Önce sağ siyasete bakalım ve şu tespiti tarihe not düşelim: KKTC’ci, vatanperver, milliyetçi cenah tarihte hiç bu kadar zor durumda ve de ‘adaysız’ kalmamıştı!
Sağın büyük partisi UBP, kendi içine sinecek bir isim bulamadı. Ortaya çıkan aday adayı isimlerinin seçimlerde kazanma, hatta ikinci tutu görme şansı yok.

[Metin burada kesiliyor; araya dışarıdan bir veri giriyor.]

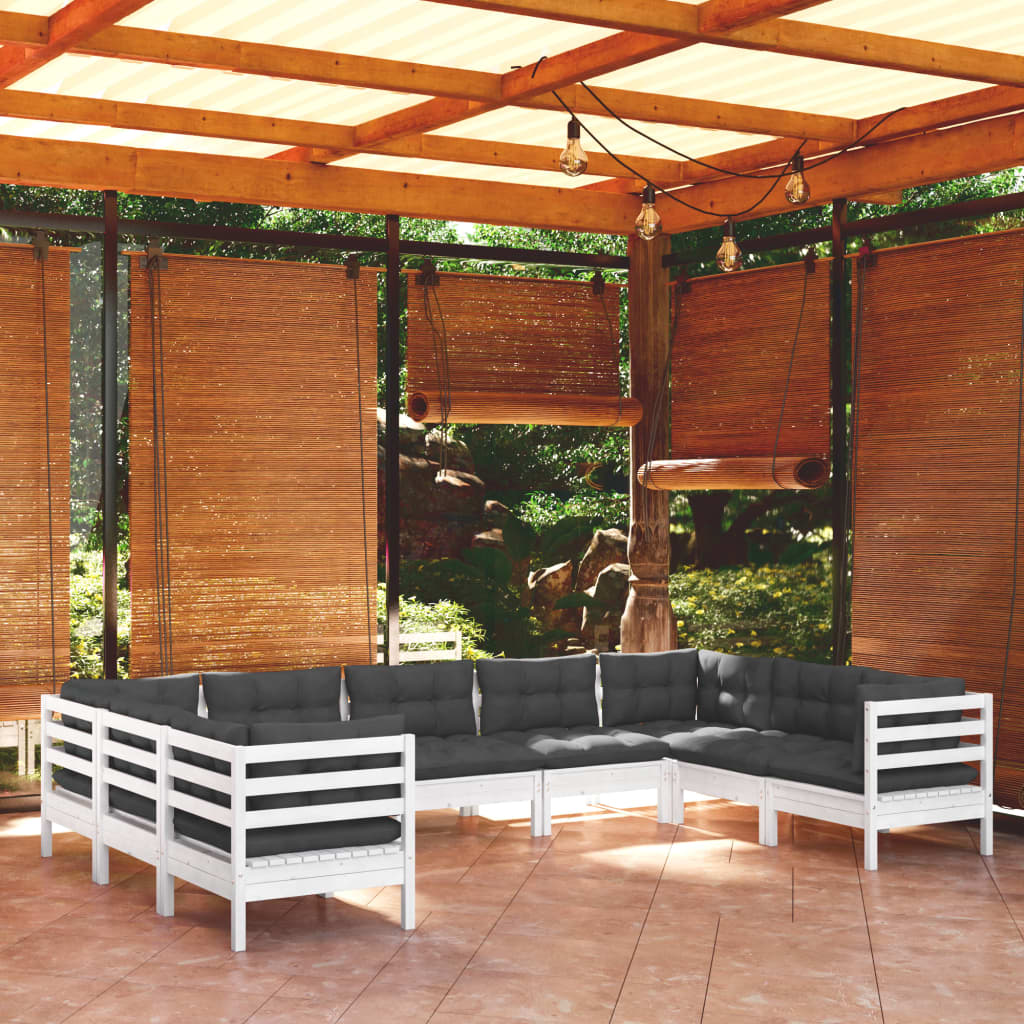 9-delige Loungeset met kussens grenenhout wit is nu te koop bij PeponiXL, paradijselijk wonen!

Bunu bizzat UBP’liler söylüyor.
‘TC’nin adamı’ ve de ‘adayı’ diye imaj yaratmaya çalışan, öyle bir durumun olmadığı giderek daha yaygın şekilde konuşulan ama hırsı her halinden belli olan HP Başkanı Kudret Özersay’ın durumu ise içler acısı… Bir ‘sosyal medya fenomeni’ olarak doğan ve siyaseti kötüleye kötüleye siyasete giren, sürekli çelişkili ve tutarsız hal ve davranışlarıyla etrafında taraftarlarında büyük hayal kırıklığı yaratan Özersay’ın 2015’teki yüzde 20’lik oyun yarısı kadar bir desteği kaldığı görülüyor.
**
İşte tam da bu noktada kurnaz siyasetçi Serdar Denktaş geçen hafta sahne aldı ve tüm sağ partilere göz kırptı.

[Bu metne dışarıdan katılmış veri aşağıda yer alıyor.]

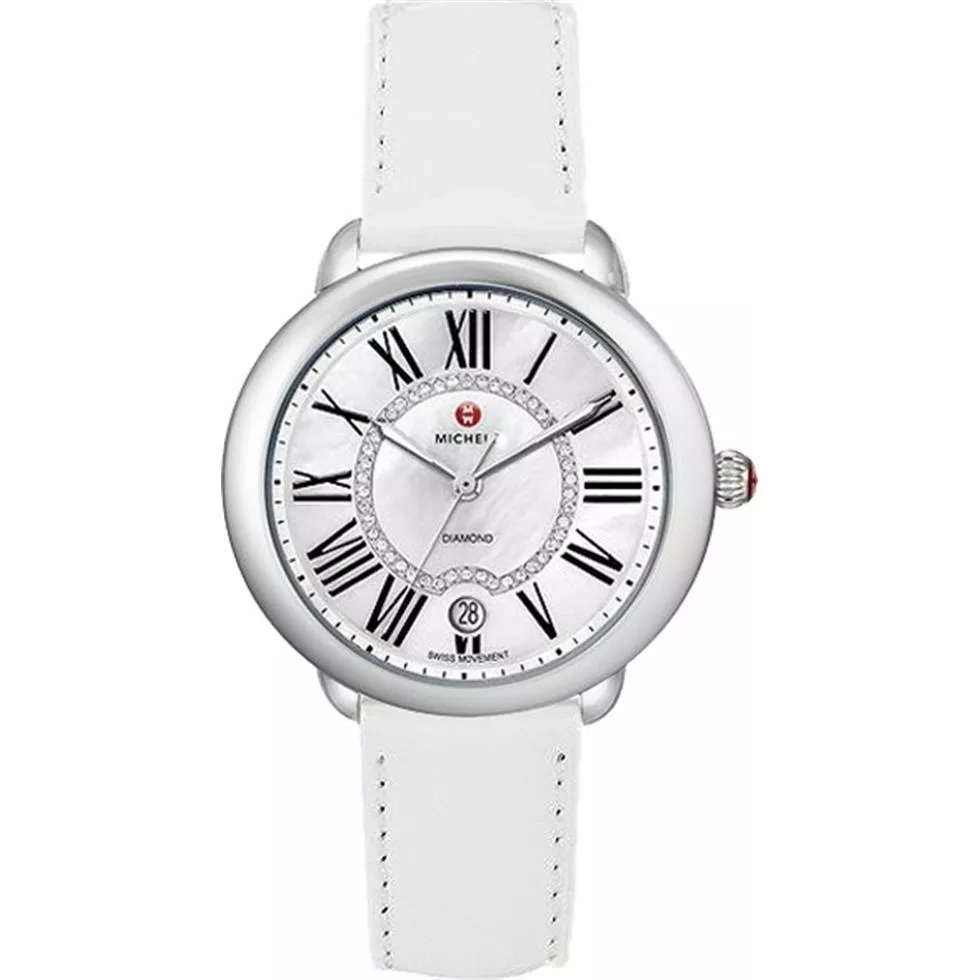 Michele Serein Diamond Dial White Patent Watch 36 x34mm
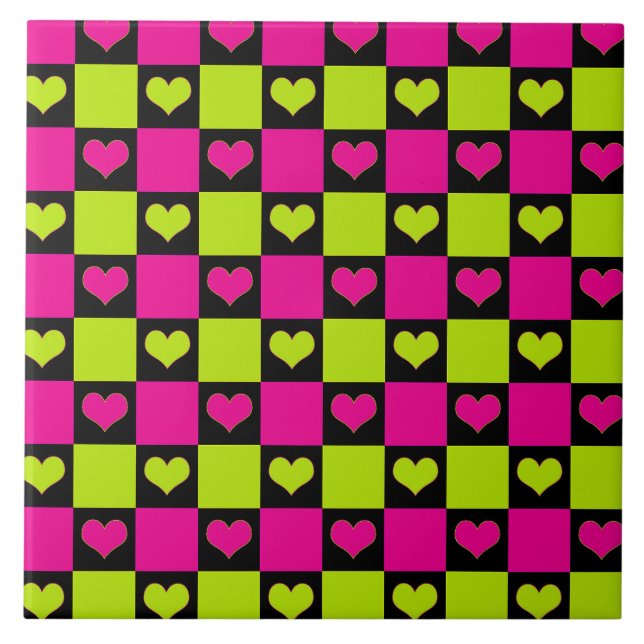 Chequerboard Hearts - Lime Green, Hot Pink & Black Tile (Front)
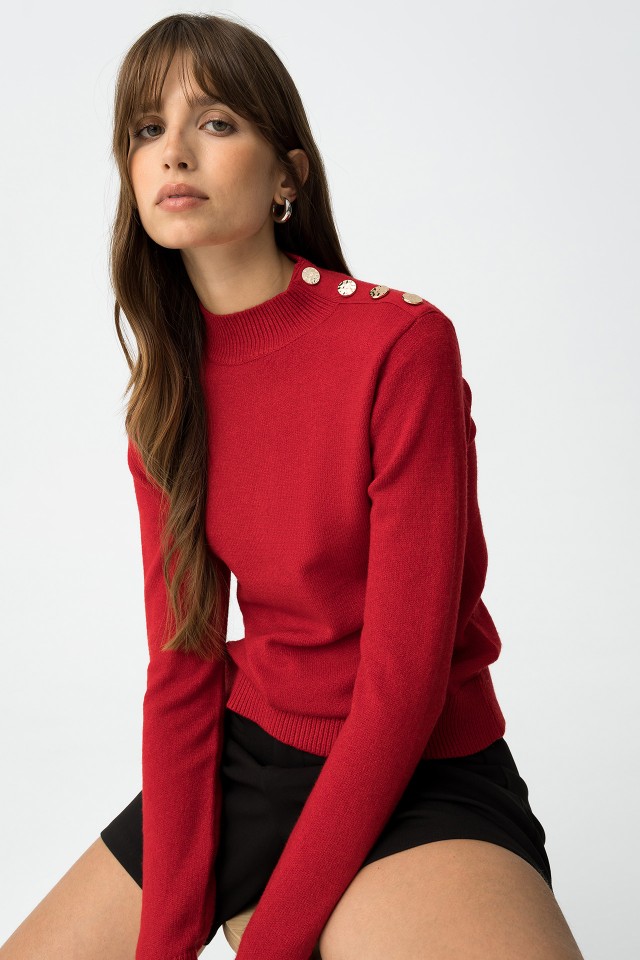 Slim Fit Sweater with Buttons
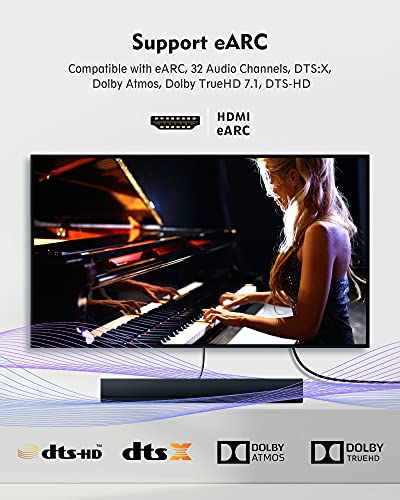 Silkland 8K HDMI ARC/eARC Cable 2.1 for Soundbar 15ft, 8K@60Hz 4K@120Hz | 48Gbps High Speed HDMI Cord for Home Theater, Dolby Atoms, DTS:X Compatible for Vizio Samsung Bose Sound bar, UHD TV, Blu-ray - size: 15 Feet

DP Genel Başkanlığı görevini kurultay tarihine kadar beklemeden, hemen bıraktı ve aslında şunu dedi:
“Aday arıyorsanız ben de varım. Soyadım Denktaş. Bütün sağ partilerde Rauf Denktaş’ın izi var. Sağın doğal lideri babamdı. Ben de hem UBP’de, hem DP’de uzun yıllar görev yaptım. Bugüne kadar hiç Cumhurbaşkanı adayı olmadım. Gelin, benim ismim üzerinde uzlaşalım. Yok olmazsa, ikinci tura sağda kim kalırsa onu destekleme sözleşmesi yapalım…”

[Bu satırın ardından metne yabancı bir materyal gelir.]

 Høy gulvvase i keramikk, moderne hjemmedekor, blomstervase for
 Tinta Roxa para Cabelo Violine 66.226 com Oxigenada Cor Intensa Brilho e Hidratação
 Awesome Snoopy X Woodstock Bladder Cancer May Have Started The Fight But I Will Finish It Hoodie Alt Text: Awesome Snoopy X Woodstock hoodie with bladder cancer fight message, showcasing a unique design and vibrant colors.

Kuşkusuz sağ açısından kritik olan UBP’nin ve UBP’lilerin ne yapacağı… Çünkü sağın oy deposu UBP…
Kendi adaylarını çıkaracaklarını söylüyorlar ama herkesin onay verdiği bir isim ortada yok. Oğuzhan Hasipoğlu ne kadar oy alır, belli değil… Zorlu Töre’nin adaylığı hem UBP’yi oy bakımından geriletir hem de partinin çizgisini ülkücü ufuklara taşır, marjinalize eder. Belki YDP’den oy alır Töre ama kendi partisinin tabanından da epey kaybeder. Tahsin Ertuğruloğlu ‘teklif’ bekliyor ama öyle bir teklif gideceğini sanmam.
Çünkü UBP içinde iktidar kavgası var.
Derviş Eroğlu çok aktif değil belki ama mutlaka olacak.
Hüseyin Özgürgün ise tam tersi, çok hareketli ve intikam peşinde…
Genel Başkan Tatar her bakımdan eli kolu bağlı halde…
Şapkadan ‘tavşan’ çıkar mı peki bu durumda?
Tatar ‘kafa ata ata’ buralara kadar geldi ama, oturduğu koltuğun sağlam olmadığını biliyor.